■ Requirement
Word for word, retype the lines from the one containing "Easel Crochet Patch Crewneck" to the one containing "Pre-owned Reiss Tweed Jacket In Beige" below, keeping both end lines and dropping the pictures.

■ Data shown
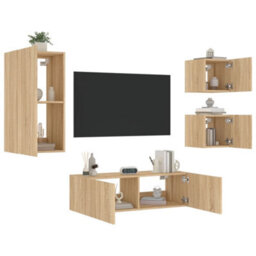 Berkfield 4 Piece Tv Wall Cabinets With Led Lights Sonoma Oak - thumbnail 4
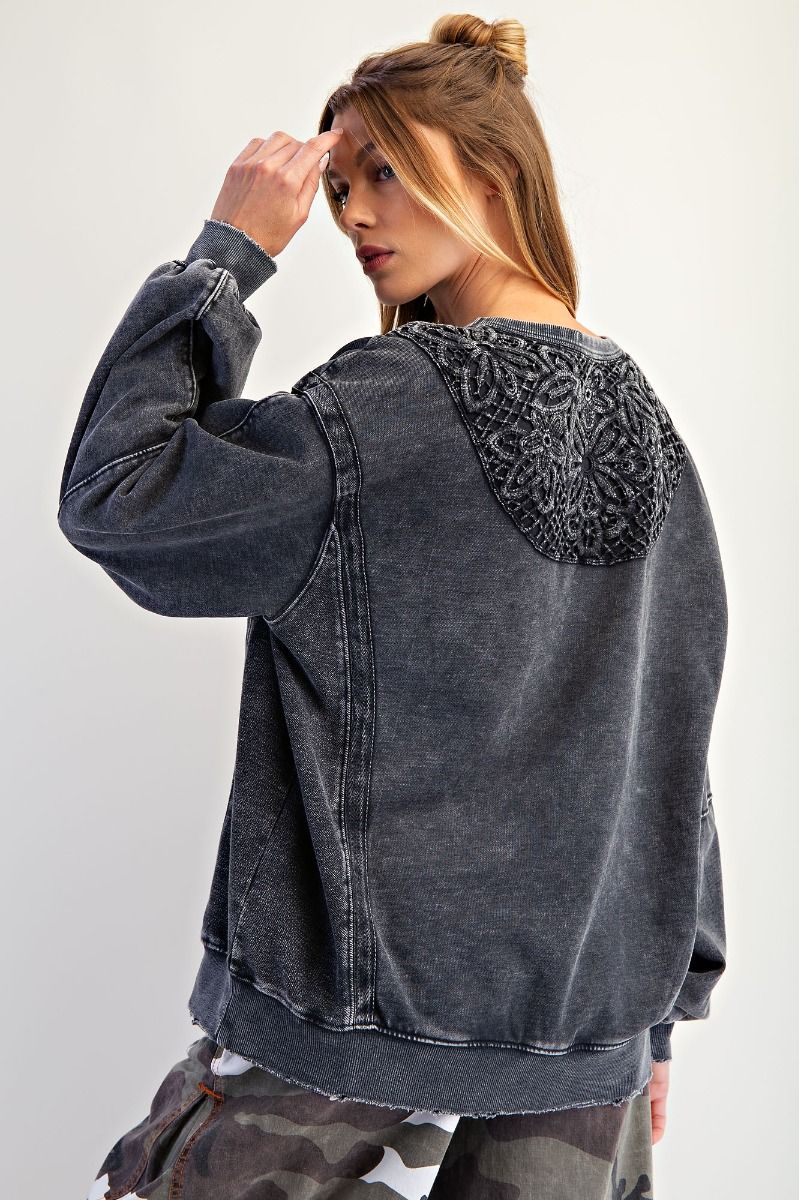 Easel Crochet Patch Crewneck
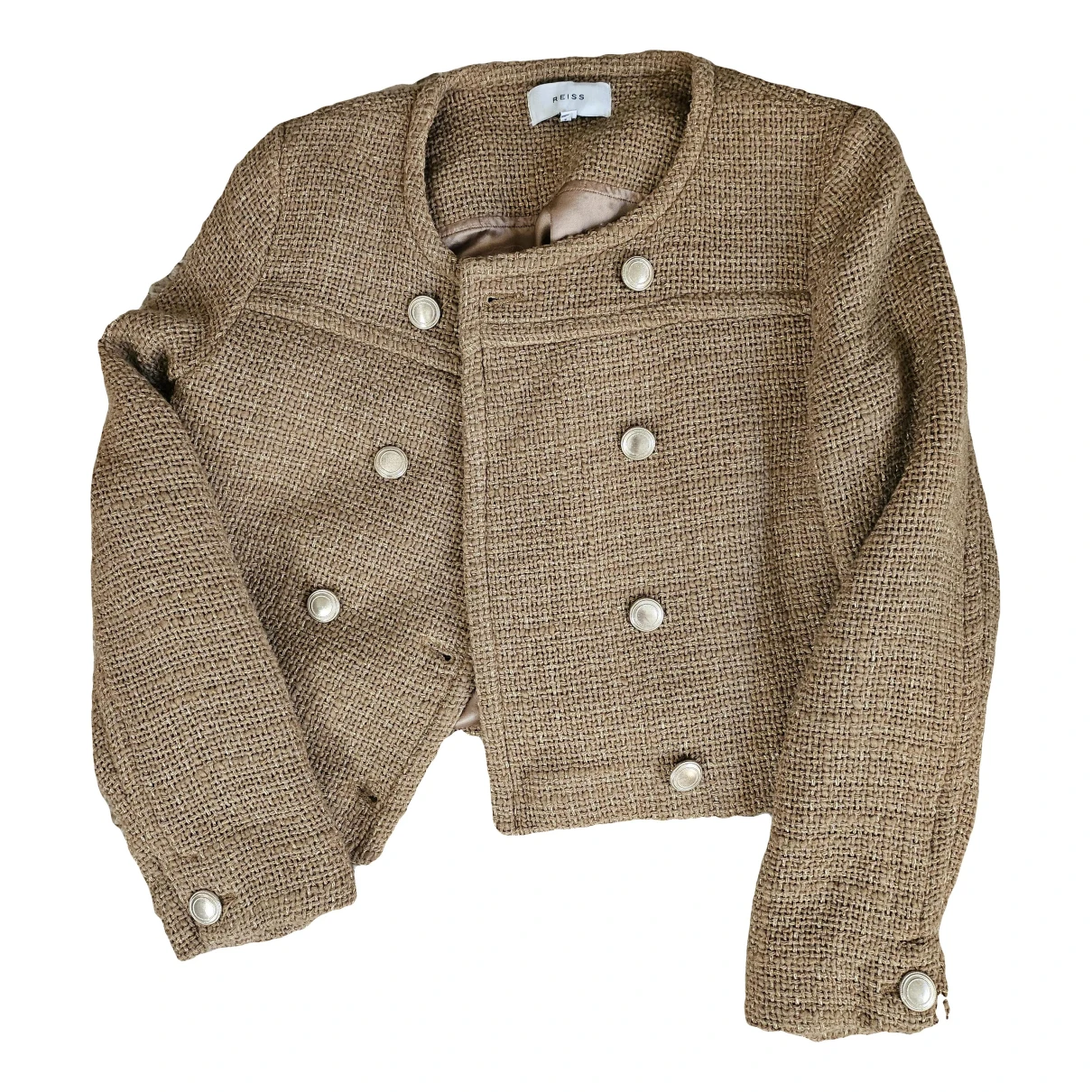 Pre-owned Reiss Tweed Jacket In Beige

---

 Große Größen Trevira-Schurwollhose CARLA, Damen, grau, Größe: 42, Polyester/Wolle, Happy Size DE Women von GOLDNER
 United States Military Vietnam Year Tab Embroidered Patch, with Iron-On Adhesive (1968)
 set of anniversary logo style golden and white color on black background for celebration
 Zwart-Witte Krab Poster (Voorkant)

■ Reply to the task
 Easel Crochet Patch Crewneck
 Pre-owned Reiss Tweed Jacket In Beige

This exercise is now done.